FunctionSignatureDescriptionThread Safety
xRingBufferReadIovint xRingBufferReadIov(xRingBuffer rb, struct iovec iov[2])Fill iovecs with readable regions (for writev).Not thread-safe
xRingBufferWriteIovint xRingBufferWriteIov(xRingBuffer rb, struct iovec iov[2])Fill iovecs with writable regions (for readv).Not thread-safe
xRingBufferReadFdssize_t xRingBufferReadFd(xRingBuffer rb, int fd)Read from fd using readv().Not thread-safe
xRingBufferWriteFdssize_t xRingBufferWriteFd(xRingBuffer rb, int fd)Write to fd using writev().Not thread-safe

Usage Examples

Basic FIFO

#include <stdio.h>
#include <xbuf/ring.h>

int main(void) {
    // Request 1000 bytes; actual capacity will be 1024 (next power of 2)
    xRingBuffer rb = xRingBufferCreate(1000);
    printf("Capacity: %zu\n", xRingBufferCap(rb)); // 1024

    // Write data
    const char *msg = "Hello, Ring!";
    xRingBufferWrite(rb, msg, 12);

    // Read data
    char out[32];
    size_t n = xRingBufferRead(rb, out, sizeof(out));
    printf("Read %zu bytes: %.*s\n", n, (int)n, out);

    xRingBufferDestroy(rb);
    return 0;
}

Network Socket Buffer

#include <xbuf/ring.h>

void event_loop_handler(int sockfd) {
    xRingBuffer rb = xRingBufferCreate(65536); // 64KB ring

    // Read from socket into ring buffer
    ssize_t n = xRingBufferReadFd(rb, sockfd);
    if (n > 0) {
        // Process data...
        // Write processed data back
        xRingBufferWriteFd(rb, sockfd);
    }

    xRingBufferDestroy(rb);
}

Use Cases

  1. Fixed-Budget Network Buffers — When you need predictable memory usage per connection (e.g., 64KB per socket), the ring buffer provides a hard capacity limit.

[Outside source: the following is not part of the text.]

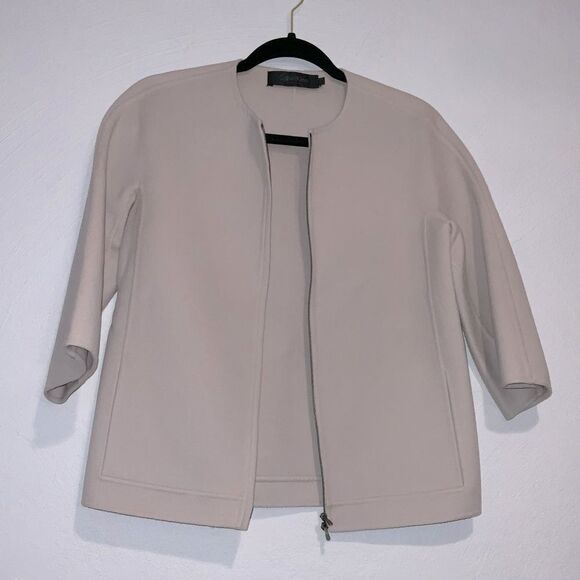 Calvin Klein Beige Wool Jacket 2 - Picture 2 of 5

  2. Logging Ring Buffer — Capture the last N bytes of log output, automatically discarding old data when the buffer wraps.

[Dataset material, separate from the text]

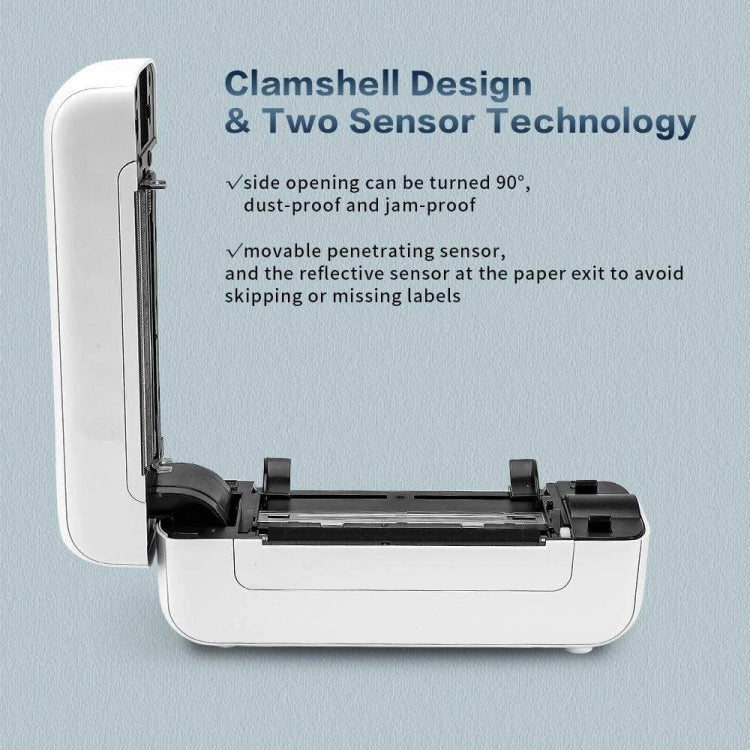 Phomemo PM246S Address Label Printer Thermal Paper Express E-Manifest Printer, US, EU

  3. Inter-Thread Communication — With external synchronization, a ring buffer can serve as a bounded channel between producer and consumer threads.

Best Practices

  • Choose capacity carefully. The ring buffer never grows. If you write more than the capacity, the write fails. Size it for your worst-case scenario.
  • Use scatter-gather I/O. xRingBufferReadFd/WriteFd use readv()/writev() to handle wrap-around in a single syscall, avoiding the need to linearize data.
  • Be aware of power-of-two rounding. Requesting 1000 bytes gives you 1024. Requesting 1025 gives you 2048. Plan accordingly.
  • Check xRingBufferWritable() before writing if you want to handle partial writes gracefully.

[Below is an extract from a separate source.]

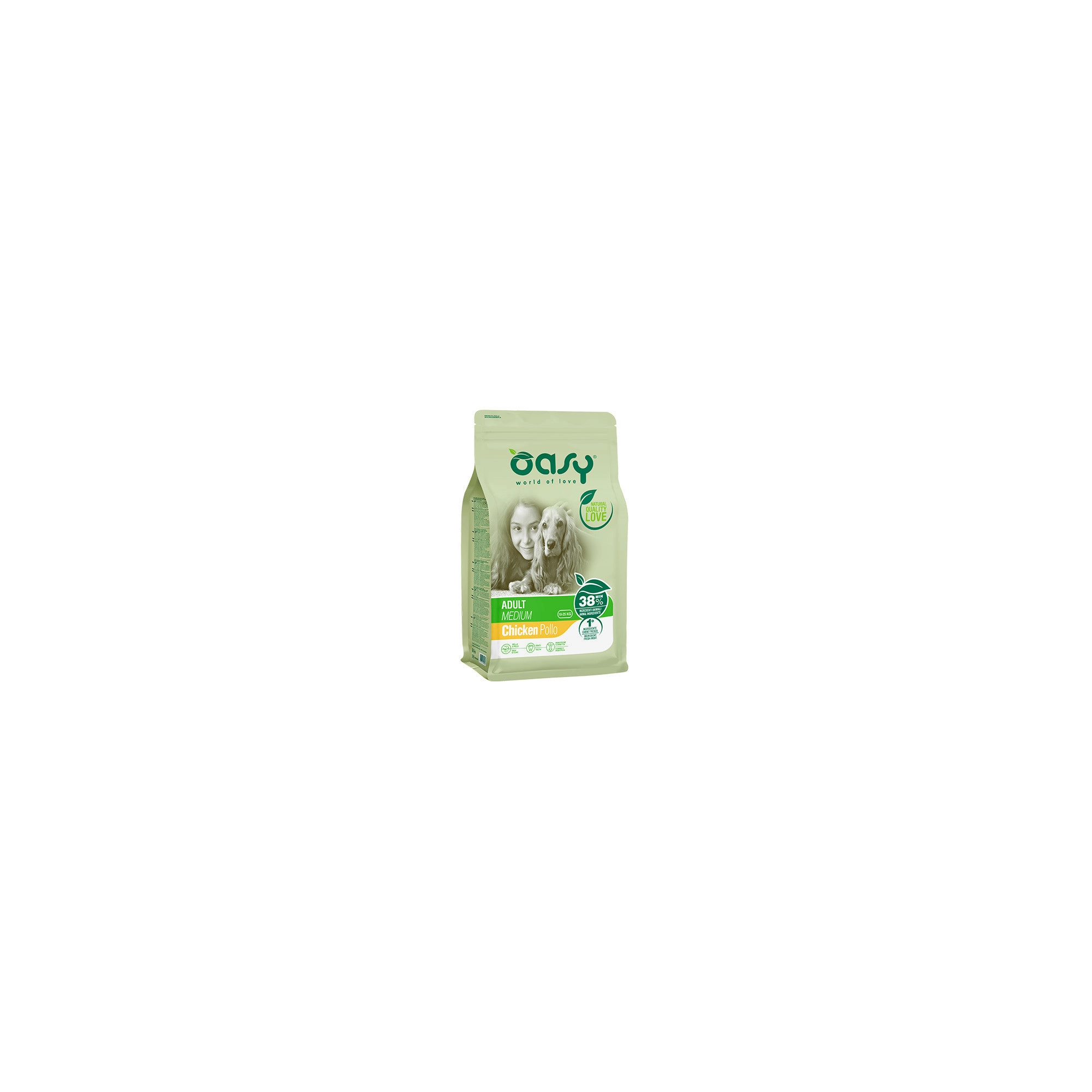 Oasy Dog Lifestage Adult Medium 12kg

Comparison with Other Libraries

Featurexbuf ring.hLinux kfifoBoost circular_bufferDPDK rte_ring
CapacityFixed, power-of-2Fixed, power-of-2Fixed, any sizeFixed, power-of-2
IndexingBitmaskBitmaskModuloBitmask
LayoutFAM (single alloc)Separate allocHeap arrayHuge pages
Thread SafetyNot thread-safeSingle-producer/single-consumerNot thread-safeMulti-producer/multi-consumer
I/O Helpersreadv/writevkfifo_to_user/kfifo_from_userNoNo (packet-oriented)
LanguageC99C (kernel)C++C

Key Differentiator: xbuf's ring buffer combines the power-of-two bitmask optimization (like kfifo) with scatter-gather I/O helpers (readv/writev) in a single-allocation design. It's purpose-built for event-driven network programming where fixed memory budgets and efficient syscalls are essential.

Benchmark

Environment: Apple M3 Pro, 36 GB RAM, macOS 26.4, Release build (-O2). Source: xbuf/ring_bench.cpp

BenchmarkSizeTime (ns)CPU (ns)Throughput
BM_Ring_WriteRead646.056.0519.7 GiB/s
BM_Ring_WriteRead25616.816.828.4 GiB/s
BM_Ring_WriteRead1,02427.427.469.6 GiB/s
BM_Ring_WriteRead4,09699.299.276.9 GiB/s
BM_Ring_Throughput4,09622522517.0 GiB/s
BM_Ring_Throughput16,38480680618.9 GiB/s
BM_Ring_Throughput65,5363,1983,19819.1 GiB/s

Key Observations:

  • WriteRead (single write + read cycle) achieves up to ~77 GiB/s at 4KB chunks, demonstrating the efficiency of the bitmask-based wrap-around and memcpy for larger transfers.
  • Throughput (sustained writes until full) stabilizes at ~19 GiB/s regardless of capacity, showing consistent performance as the ring scales.
  • The ring buffer's zero-overhead indexing (bitmask instead of modulo) keeps per-operation cost extremely low — just 6ns for a 64-byte write+read cycle.